* _Task brief_: What should be copied is the stretch of entries below from the line with "The Cambridge History" up to and including the line with "Vintner Nick &", exactly and without images.

* _Material for the task_:
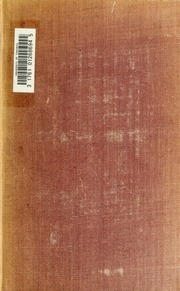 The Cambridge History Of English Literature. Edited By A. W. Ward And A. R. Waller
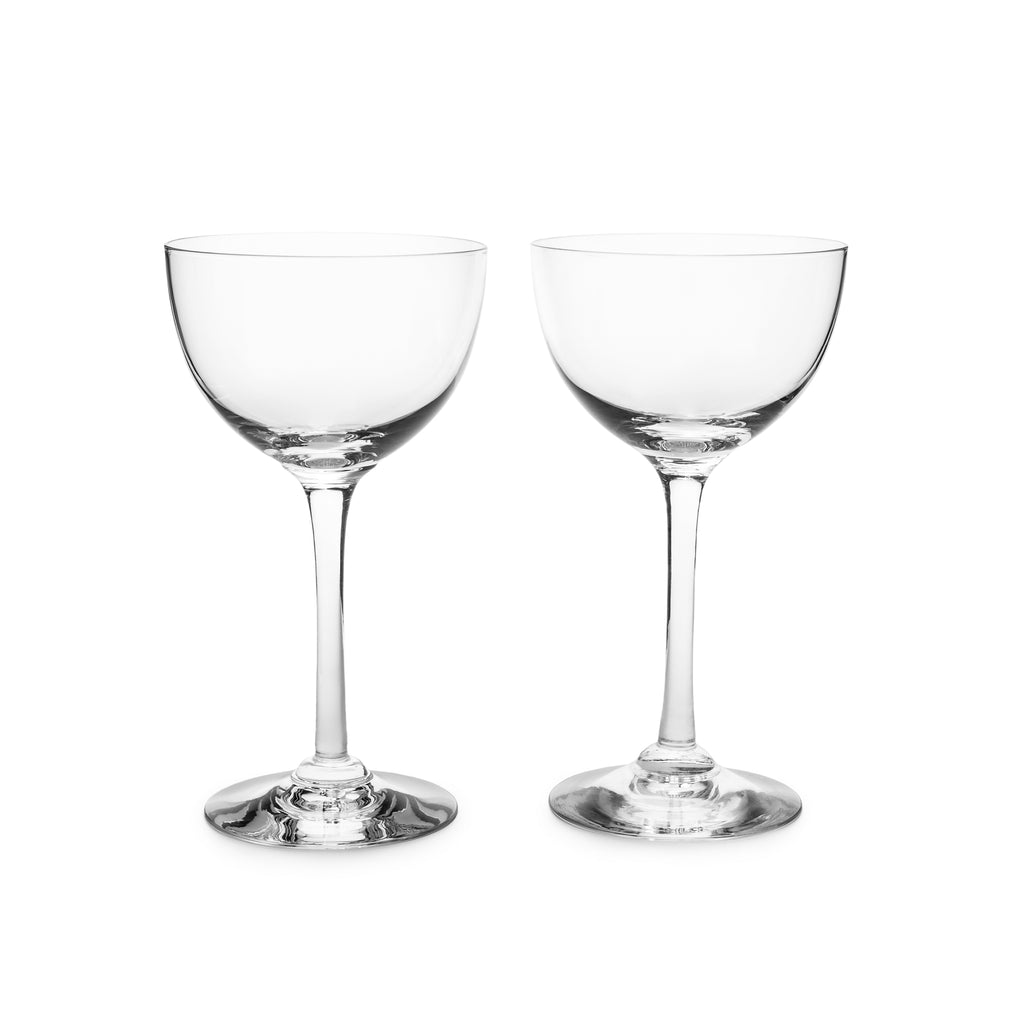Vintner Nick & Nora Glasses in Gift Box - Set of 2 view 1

...

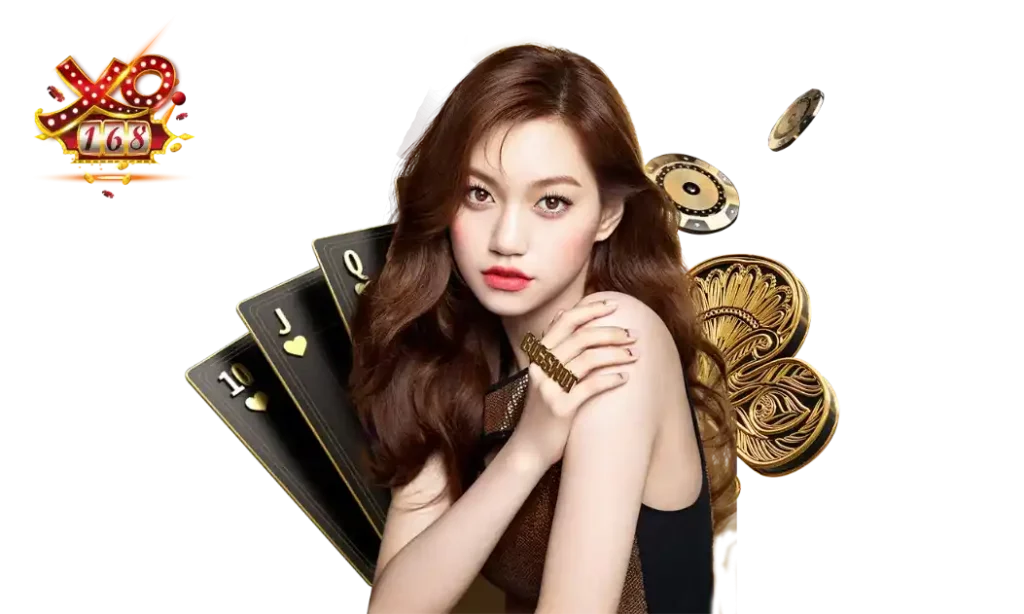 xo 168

...

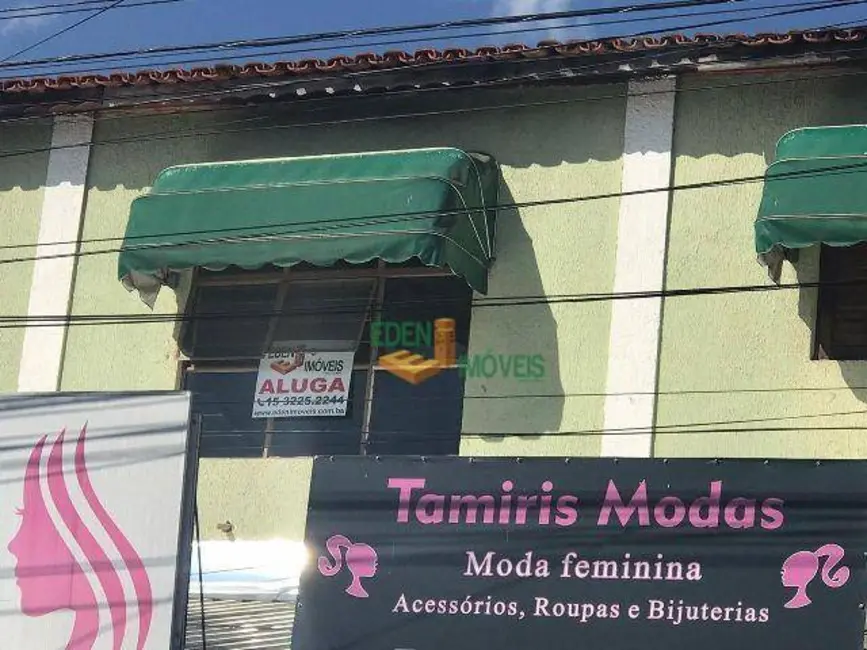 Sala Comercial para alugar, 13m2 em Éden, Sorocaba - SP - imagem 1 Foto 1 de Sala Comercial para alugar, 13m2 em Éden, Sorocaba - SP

* _Output_:
 The Cambridge History Of English Literature. Edited By A. W. Ward And A. R. Waller
Vintner Nick & Nora Glasses in Gift Box - Set of 2 view 1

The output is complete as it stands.